The Magia practitioner should be able to understand themselves as male as initiate, and as female as the soul, in order to analogically understand their relationship with both Goddess and God, within the Magia teaching.
If a person cannot do this because the symbols don’t match the details of their own identity, they will not be able to practice Magia anyway - given analogy is a key feature - and, for everyone’s safety, probably shouldn’t be allowed to drive either.
Concerns of exclusion surrounding the use of analogical symbolism are an exercise in pretending to study the teaching to change the teaching, when we should instead be studying the teaching to have it change us.
Alabaster analogies
As for the 'men and women of alabaster', Aion’s first mention of this analogical symbolism is actually, ‘men of alabaster’. I’m pretty much convinced this was the old usage of the term ‘men’, meaning ‘humans’ (i.e. ‘men’ and ‘women’ are both versions of ‘men’).
It is no longer politically acceptable in the English speaking world to use ‘men’ in this sense; but in my opinion, a translation into Portuguese of the equivalent of ‘people’ or ‘humans of alabaster’ would be accurate for this first mention.
Ironically, for English speakers, the second expression of ‘men and women of alabaster’ would be considered more politically-inclusive than the first, but is obviously not inclusive enough for today’s left-wing political position.

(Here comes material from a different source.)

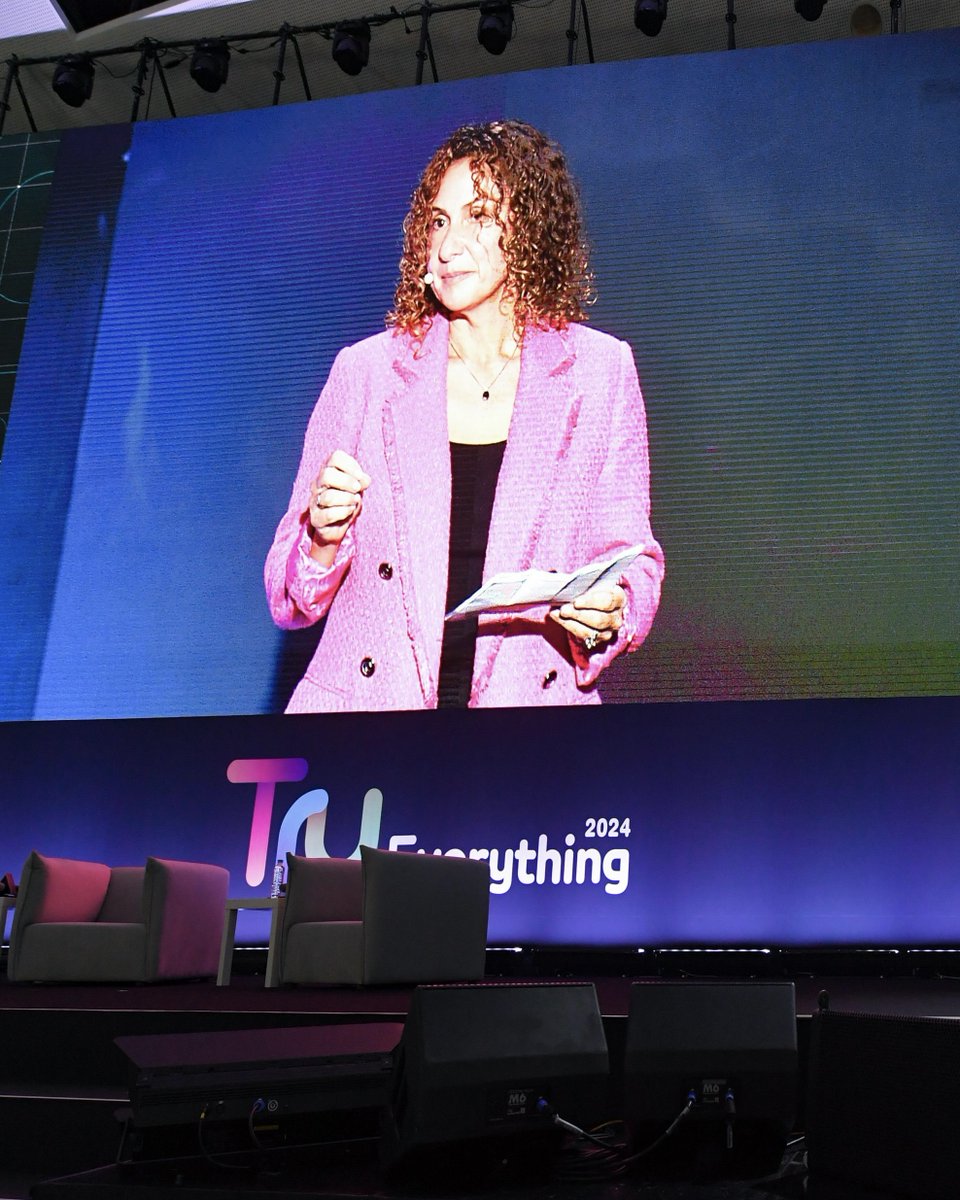 Seoul_gov's tweet image. Global Startup Festival, Let’s Dive Deep into #TryEverything! ✨

This year, it will provide a platform for in-depth analysis of startup trends such as AI, deep tech, and global expansion, as well as opportunities for collaboration 🙌

🔗More : bit.ly/48sykeo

However, given the first usage, I can’t see how it isn’t meant the same in the second usage.
The One Job
Regardless, I have one job: not to alter or change the teaching based on personal preference (or likely ignorance), because I don’t get to decide its nature (if I did, it would negate the existence of the teaching, because there would be nothing to disclose).
As translator, this responsibility has now fallen to you!